Non che i suoi colleghi, una baracca di fianco, che trascorrono i pomeriggi a discutere dei massimi sistemi, ma fermi sul ciglio del loro marciapiede, non siano poi interessanti, quantomeno perché dotati della nonchalance necessaria a presentare con lo stesso entusiasmo monografie su Hitler e Giovanni Paolo II.

Il punto è che quello più celeste di tutti non si vede quasi mai.

La sua faccia è un'altra copertina, quando ce la mostra, fra le tante che vorrebbe vendute: l'unica che vi regalerebbe.

O meglio, una di quelle quarte, di copertina, in cui di solito un romanziere cerca di mostrarsi al meglio: il più pettinato, seppiato, visibile che possa; mentre, lui, tanto più è realistico quanto più, invece, riesce ad eclissarsi.

Spesso, quasi tutto il tempo, la sua faccia scompare dalla bancarella.
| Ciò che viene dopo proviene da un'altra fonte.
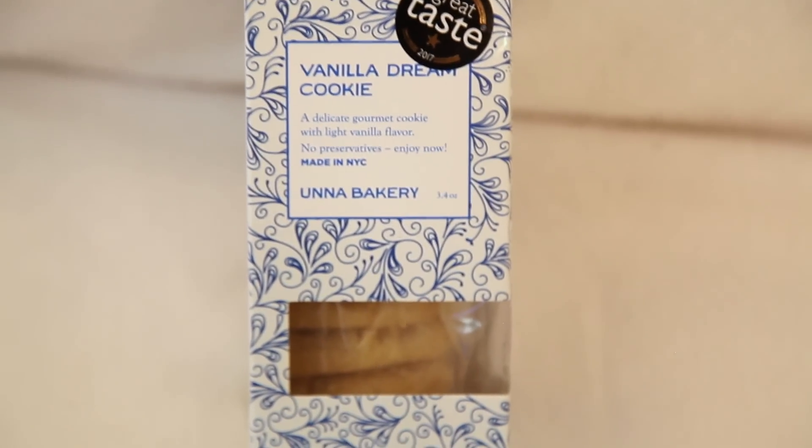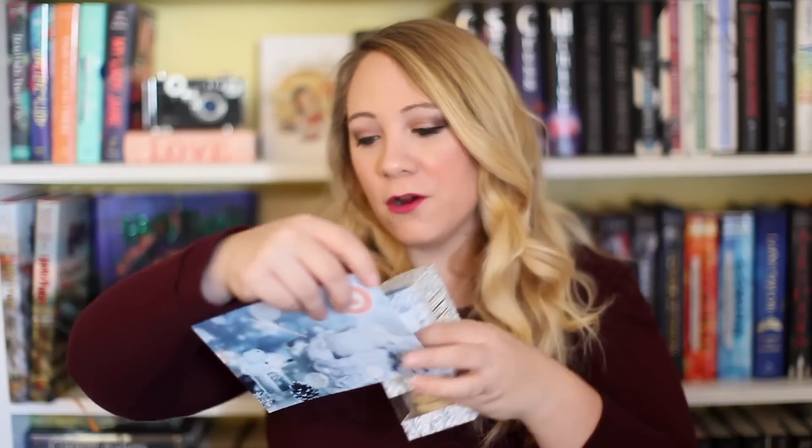The last treat before I get to the book is a vanilla dream cookie from Una Bakery — a delicious gourmet cookie with light vanilla flavor, retailing for $7, made in small batches in New York. These look like shortbread cookies. I saved this for last because I obviously have to eat one! It tastes like a vanilla shortbread cookie — they put the best treats in these boxes.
Lasciando una finestrella aperta al centro del suo mondo, in quei pochi centimetri di esso in cui non ci sono libri, allegra come un sorriso da dente da latte caduto, quel libraio ci dice di sé solo attraverso le merce che espone.

Al contrario dei suoi colleghi di oggi, e pure di tante titolari fiamminghe, sexy e secentesche di bancarelle di natura morta, in quadri in cui le belle pere su un carretto non significano più solo frutta o dottrine cristologiche - il nostro amico gode nello scomparire da qualche parte sul fondale del suo piccolo depositio da zio Paperone, in cui però la carta in cui si tuffa non sarà mai quella dei dollari.